REPUBLIKA.CO.ID, JAKARTA -- Pengamatan dengan citra satelit mengungkap jaringan situs bersejarah lebih dari 100 bangunan dari Zaman Perunggu yang tersembunyi di dataran Serbia. Diperkirakan, situs bekas pemukiman penduduk tersebut berusia lebih dari 3.000 tahun.
Dilansir laman Live Science, Rabu (22/11/2023), lokasi situs ada di tepi sungai. Para arkeolog melakukan penelitian itu karena awalnya melihat sisa-sisa semacam pagar bangunan berusia lebih dari 3.000 tahun pada tahun 2015, ketika meninjau foto-foto Google Earth.
Gambar yang diambil kala itu menunjukkan hamparan hutan belantara sepanjang 150 kilometer di sepanjang Sungai Tisza di Serbia. Lantas, para arkeolog melanjutkan penelitian tersebut. Temuan penelitian telah diterbitkan di jurnal PLOS One.

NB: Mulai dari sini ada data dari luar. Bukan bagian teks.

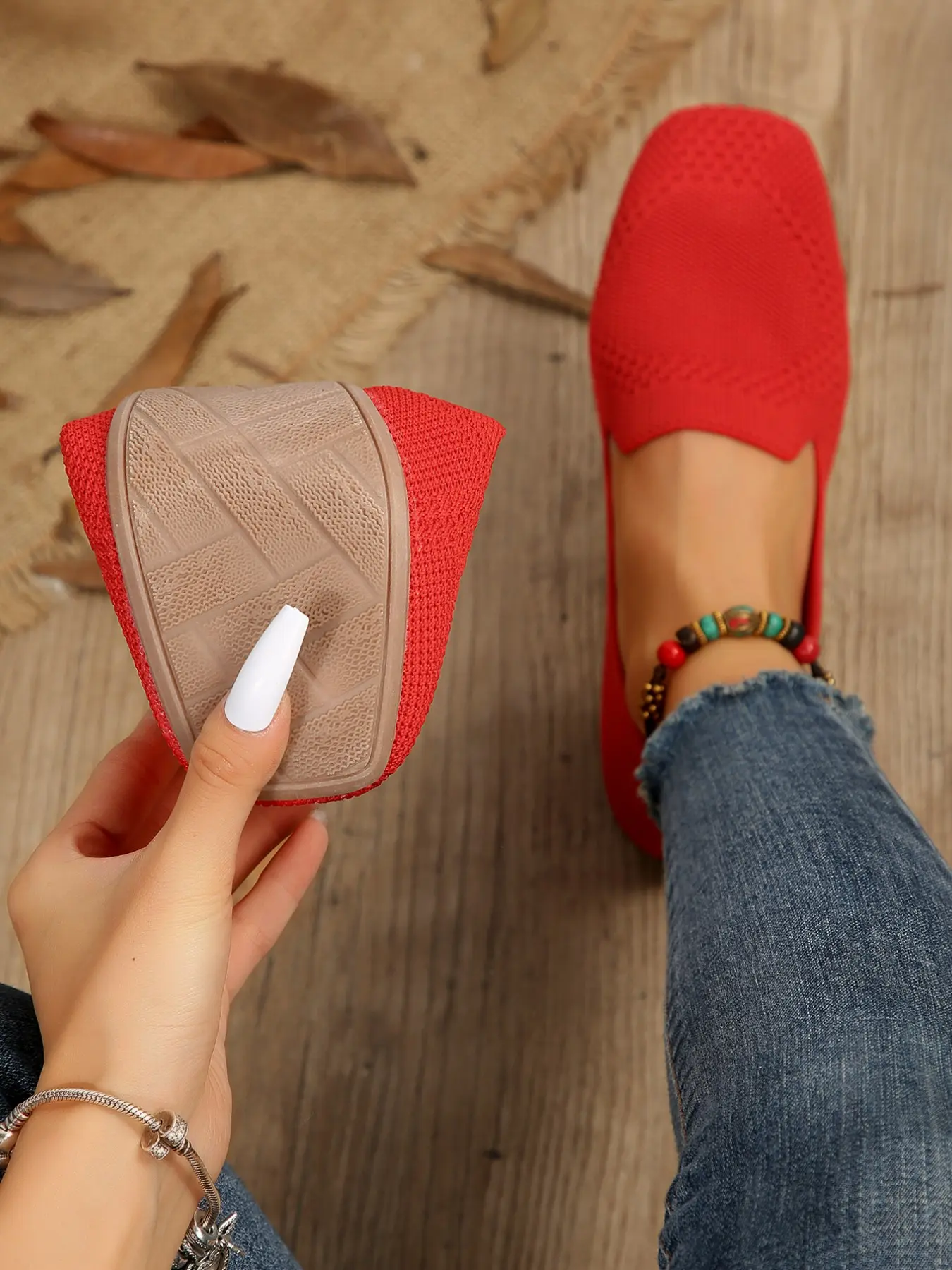 Women's Spring Trendy Knit Loafers, Breathable Slip-On Flats, Fashionable Flats, Round Toe, Textile Upper, Low Heel, All Seasons, Elegant Style, Walking Shoes, Vegan Loafers, Versatile Fashion Shoes, Ventilated Slip On, Casual Flats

Penulis utama studi, Barry Molloy, mengatakan bangunan pemukiman itu diperkirakan berasal dari Zaman Perunggu Akhir. Zaman Perunggu adalah periode di mana masyarakat menggunakan teknik melebur tembaga dari hasil bumi dan membuat perunggu.
"Hal yang menarik tentang (situs) ini adalah kami tidak hanya mengidentifikasi keberadaan mereka dalam gambar-gambar ini, namun juga mengukur ukurannya dan bagaimana penduduknya mengatur tata ruang di dalam pemukiman mereka," kata Molloy.

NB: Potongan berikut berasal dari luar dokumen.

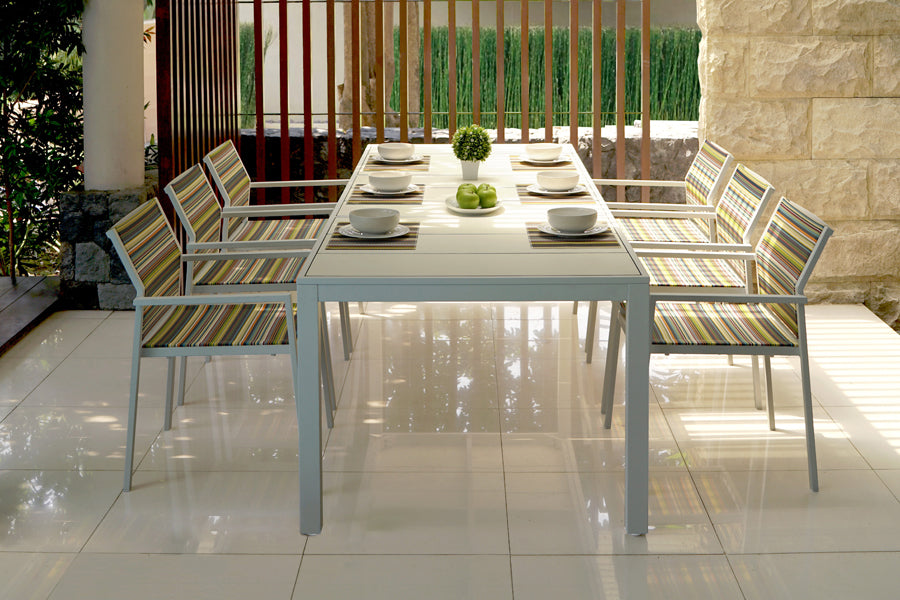 Stripe Stackable Armchair by Mamagreen, showing stripe stackable armchairs in live shot.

Dia berpendapat, temuan penelitian yang didapat timnya di kawasan bernama Dataran Pannonia tersebut cukup unik. Sebab, dalam tinjauan arkeologi Zaman Perunggu Eropa, tidak biasanya peneliti mendapatkan tingkat detail pada begitu banyak bangunan.
Sebelumnya, lokasi tempat ditemukannya situs dianggap sebagai daerah pedalaman yang tidak digunakan untuk pemukiman. Peneliti menyimpulkan ada banyak pemukiman lagi di seluruh Eropa yang merupakan bagian dari jaringan perdagangan yang luas pada masa itu.

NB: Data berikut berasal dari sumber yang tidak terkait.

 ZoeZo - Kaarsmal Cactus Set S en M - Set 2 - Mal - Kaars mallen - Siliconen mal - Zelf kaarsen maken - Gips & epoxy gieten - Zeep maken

Selain menganalisis citra satelit, tim peneliti mengunjungi lokasi tersebut secara langsung menggunakan pesawat kecil. Mereka menemukan jejak dari lusinan bangunan tersembunyi. Sebagian besar pagar atau pembatas rumah dibangun cukup berdekatan.
Hal itu menunjukkan bahwa penghuninya memilih untuk hidup bersama sangat erat. Molloy yang merupakan profesor arkeologi di University College Dublin, Irlandia, menggambarkannya sebagai masyarakat yang kompleks dan terorganisir dengan baik.
"Hamparan tanah pucat tersebut tidak mengikuti keselarasan tertentu, namun tersebar merata, terletak beberapa puluh meter satu sama lain. Meski kami perlu melakukan penggalian untuk memastikan rinciannya, dugaan awal kami adalah bahwa ini adalah tempat di mana keluarga besar tinggal," ucap Molloy.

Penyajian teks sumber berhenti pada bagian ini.